Se Marcelo tem procurado ter este grau de popularidade é porque ele está ciente de que o seu grau de legitimidade política, dentro do sistema político, precisamente para vetar, por exemplo, depende dessa popularidade.
Convém lembrar as palavras de Marcelo enquanto comentador, quando ele comentava o segundo mandato de Cavaco Silva, há dois anos. Dizia, precisamente, que os níveis baixos de popularidade de Cavaco Silva reduziam a sua legitimidade política.
Esta imagem de ser um homem de consensos é profunda ou é superficial?
Esse vai ser um dos desafios para Marcelo Presidente. A verdade é que a imagem pública que Marcelo criou ao longo do tempo e a sua carreira política é longa, e assenta fundamentalmente num mestre da táctica política, um estratega político, e não em alguém que procura necessariamente posições ideológicas muito fortes ou que procura interesses muito específicos e detalhados, em termos de opções de políticas públicas e política económica.

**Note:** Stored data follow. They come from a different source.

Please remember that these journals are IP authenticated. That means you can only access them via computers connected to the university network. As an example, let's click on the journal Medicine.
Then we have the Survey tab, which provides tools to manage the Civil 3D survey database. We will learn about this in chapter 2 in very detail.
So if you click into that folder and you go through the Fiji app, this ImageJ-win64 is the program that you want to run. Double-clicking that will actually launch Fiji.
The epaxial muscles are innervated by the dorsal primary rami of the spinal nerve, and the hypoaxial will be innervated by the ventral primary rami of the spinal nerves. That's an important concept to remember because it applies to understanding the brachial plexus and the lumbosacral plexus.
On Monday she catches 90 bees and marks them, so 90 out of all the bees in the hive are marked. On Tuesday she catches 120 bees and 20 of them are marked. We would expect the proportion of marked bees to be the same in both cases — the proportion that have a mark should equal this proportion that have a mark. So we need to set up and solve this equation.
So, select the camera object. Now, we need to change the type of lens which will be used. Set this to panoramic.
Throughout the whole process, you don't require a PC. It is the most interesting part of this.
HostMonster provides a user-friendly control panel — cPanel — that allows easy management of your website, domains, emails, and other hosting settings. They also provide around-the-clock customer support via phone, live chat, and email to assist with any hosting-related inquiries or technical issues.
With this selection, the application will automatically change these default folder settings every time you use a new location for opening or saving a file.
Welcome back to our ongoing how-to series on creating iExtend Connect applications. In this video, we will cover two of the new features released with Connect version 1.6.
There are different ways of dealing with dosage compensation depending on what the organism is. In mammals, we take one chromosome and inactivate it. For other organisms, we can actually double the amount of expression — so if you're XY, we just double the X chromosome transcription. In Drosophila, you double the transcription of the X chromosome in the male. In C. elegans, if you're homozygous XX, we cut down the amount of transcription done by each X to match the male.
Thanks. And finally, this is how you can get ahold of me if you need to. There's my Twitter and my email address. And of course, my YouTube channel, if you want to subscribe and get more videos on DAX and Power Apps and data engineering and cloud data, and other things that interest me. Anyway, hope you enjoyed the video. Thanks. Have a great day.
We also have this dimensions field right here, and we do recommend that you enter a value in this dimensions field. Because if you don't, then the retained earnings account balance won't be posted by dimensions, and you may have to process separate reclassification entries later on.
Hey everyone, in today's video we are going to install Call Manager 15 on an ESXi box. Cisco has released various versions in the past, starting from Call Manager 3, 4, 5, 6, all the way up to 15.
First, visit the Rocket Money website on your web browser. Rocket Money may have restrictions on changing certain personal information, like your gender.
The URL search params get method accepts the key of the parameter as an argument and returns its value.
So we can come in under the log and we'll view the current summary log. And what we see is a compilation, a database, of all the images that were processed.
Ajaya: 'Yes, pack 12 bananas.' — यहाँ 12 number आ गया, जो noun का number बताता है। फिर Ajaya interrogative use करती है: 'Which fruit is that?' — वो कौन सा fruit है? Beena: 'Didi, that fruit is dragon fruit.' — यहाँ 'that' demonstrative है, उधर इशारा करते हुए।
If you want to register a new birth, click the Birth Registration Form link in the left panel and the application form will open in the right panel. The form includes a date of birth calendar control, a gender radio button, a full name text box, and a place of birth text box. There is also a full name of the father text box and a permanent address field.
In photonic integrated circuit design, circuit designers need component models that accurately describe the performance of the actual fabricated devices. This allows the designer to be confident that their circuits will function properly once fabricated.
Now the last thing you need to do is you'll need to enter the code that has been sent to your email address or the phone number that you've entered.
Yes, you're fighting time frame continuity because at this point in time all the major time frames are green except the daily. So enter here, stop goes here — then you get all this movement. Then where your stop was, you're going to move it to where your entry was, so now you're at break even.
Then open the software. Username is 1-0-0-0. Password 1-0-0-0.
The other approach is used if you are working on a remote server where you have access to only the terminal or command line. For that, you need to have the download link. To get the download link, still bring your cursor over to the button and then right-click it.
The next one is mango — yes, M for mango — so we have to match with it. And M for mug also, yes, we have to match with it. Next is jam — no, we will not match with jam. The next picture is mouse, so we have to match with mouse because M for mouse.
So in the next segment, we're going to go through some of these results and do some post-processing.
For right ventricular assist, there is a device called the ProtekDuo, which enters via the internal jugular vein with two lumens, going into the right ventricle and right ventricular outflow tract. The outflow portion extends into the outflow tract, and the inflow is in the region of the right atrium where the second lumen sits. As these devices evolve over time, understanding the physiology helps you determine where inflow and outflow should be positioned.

Isto também nos leva a interpretar determinados comportamentos à luz da imagem que ele foi construindo. É impossível avaliarmos se ele é realmente um homem de consensos ou se é algo mais táctico que ele está a fazer. A prova do tempo dirá e aqui a prova do tempo passa também por percebermos aquilo que Marcelo queria dizer quando falava de um novo ciclo político depois das eleições autárquicas.
Essa foi uma pista que Marcelo deixou, que provavelmente encaixaria melhor em Marcelo comentador do que em Marcelo Presidente, e essa pista poderá permitir-nos avaliar até que ponto esse discurso dos consensos é uma opção realmente de fundo da parte de Marcelo ou se é algo mais táctico.
O período de tempo que passou e a ausência de conflitos que obrigassem Marcelo a posicionar-se em termos dos consensos impedem-nos de poder fazer uma avaliação cabal.